Posee barrios residenciales como Charlottenburg y otros más populares y alternativos como Kreuszberg o añejos como Steglitz y Prenzlauer Berg, caracterizado este último por una activa vida bohemia. Un poco más lejos, Potsdam, es la ciudad –hoy provista de lujosas mansiones- cuyo palacio Sans Souci, perteneciente a Federico II el Grande de Prusia, sorprende por su mobiliario y una increíble colección de porcelanas, vajilla de oro, pintura, etcétera. Y en barcazas privadas, lanchas o en transporte público, es posible merodear bajo los puentes de Berlín, una experiencia recomendable.

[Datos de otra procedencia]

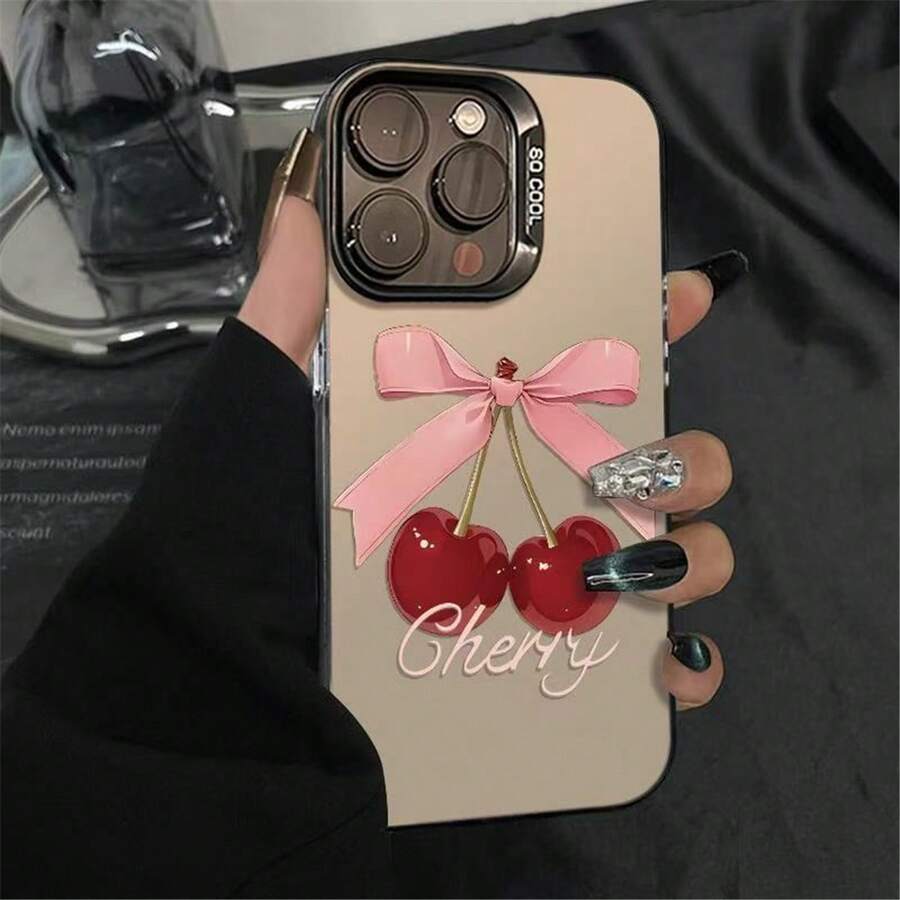 Cute Cherry & Pink Bow  Case - Y2K Kawaii Aesthetic, Protective Clear Cover for Girly Fashion Enthusiasts, Sweet Trendy Design to Boost Your Style - Negro - Ver 1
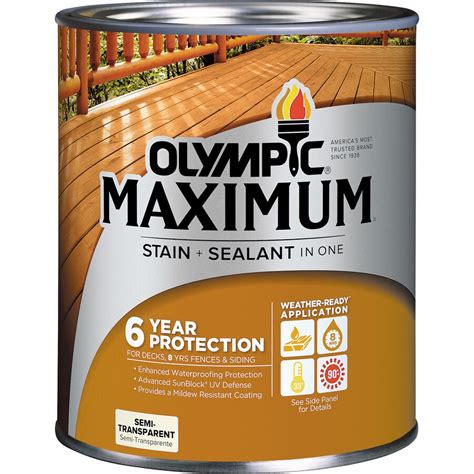 Shop Olympic MAXIMUM Tintable Neutral base Semi-transparent Exterior ...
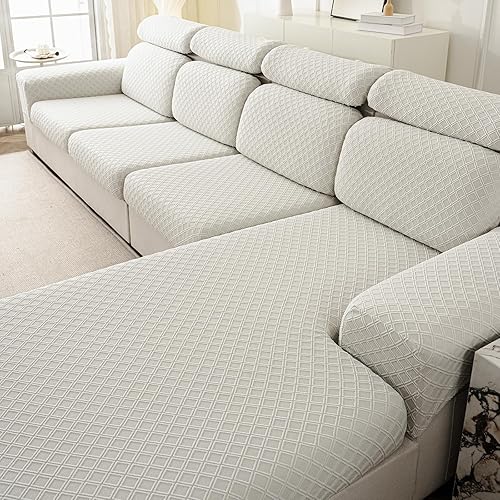 Miniatura 8 de Fundas de sofá para sofá seccional, funda elástica en forma de L, fundas de sofá seccional, lavables con fundas para diván, fundas de sofá para Gris
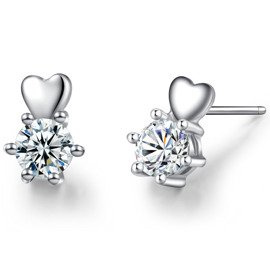 Srebrne Kolczyki z Białą Cyrkonią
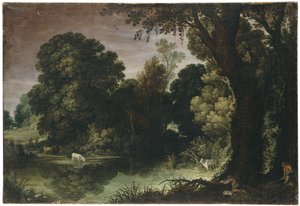 Paesaggio boscoso con caccia alle anatre da Paul Bril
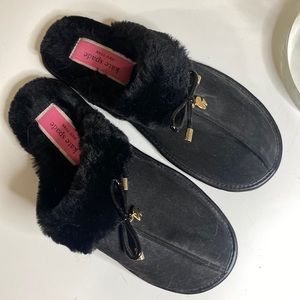Kate Spade Black Furry Slippers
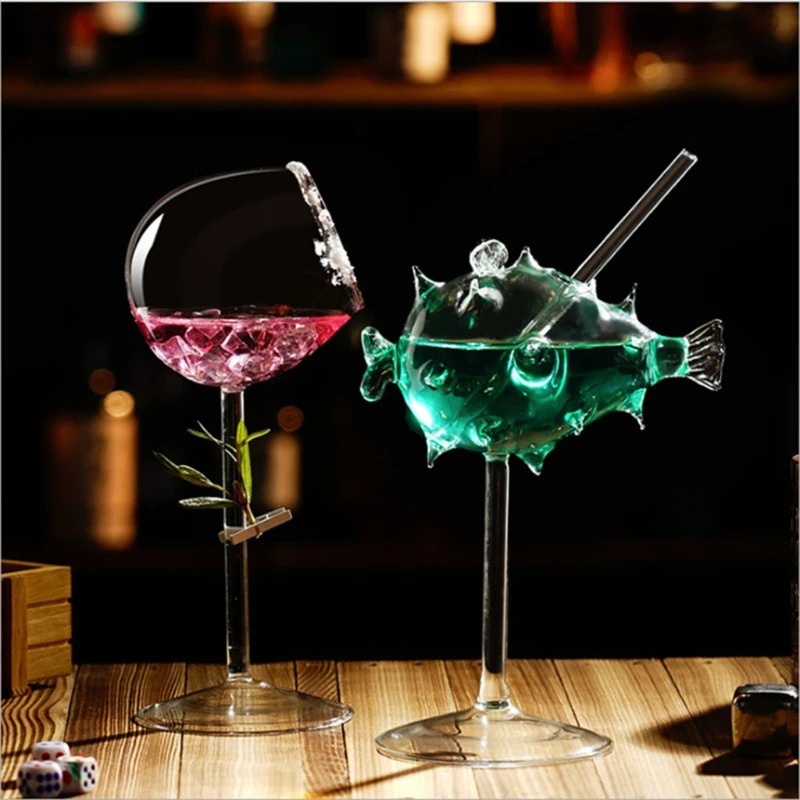 Puffer Fish Glass Cocktail Glasses Fish Wine Glass Cups Cocktails Style Cocktail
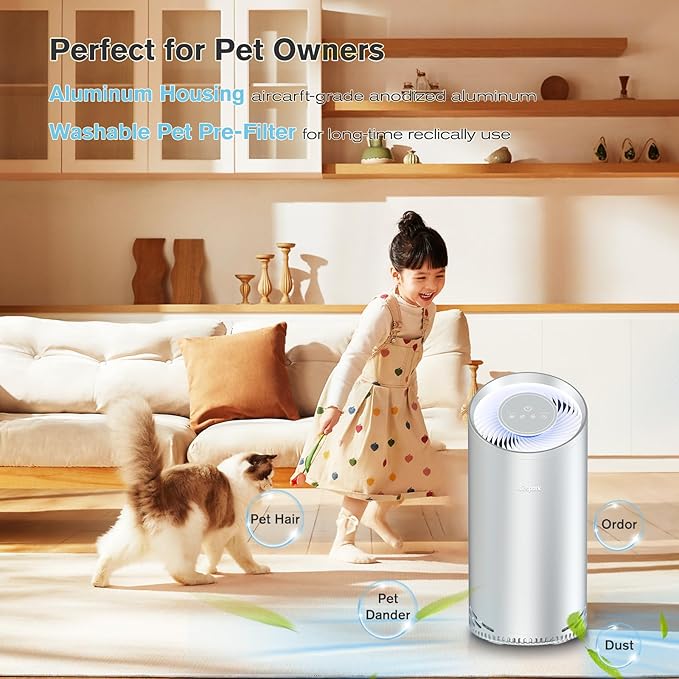 Aluminum Housing Air Purifiers for Home Bedroom Cover 1375ft². Washable - Image 5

Pero esta nota no posee afán turístico. Desea aludir a dos ciudades que sufrieron la separación de dos Alemanias, la BDR y la DDR cuando –como suele suceder en nuestras vidas ciudadanas- acuerdos ajenos a nuestra cotidianidad, intervienen en nuestra contingencia, a veces dolorosa y disruptivamente. Pasó el tiempo, entre negociaciones y sucedida la caída del Muro, Alemania se apuró en remozar caminos, edificios y rutas por doquier. Sancionó normas inclusivas y hasta, lo recuerdo bien, durante un largo tiempo exhibió los precios de su mercancía en dos monedas, a fin de que los del Este pudieran participar de la actividad económica del Oeste, cuya diferencia respecto del bolsillo era notable.
¡Vaya si existían grietas! Y el temor de unos y otros ante una ajenidad evidente: la exAlemania comunista había acostumbrado a sus ciudadanos a una vida austera y subsidiada; la otra, nostálgica atento a familias deshechas e inmuebles confiscados, protestaba atemorizada por pagar impuestos altísimos para integrar a un pueblo hasta entonces desconocido. Sin embargo, se hizo. Con esfuerzo y, supongo, pese a la rabia y el malestar de que no se escapa ninguna nación, urbe ni tampoco nadie que crea que vive en paz.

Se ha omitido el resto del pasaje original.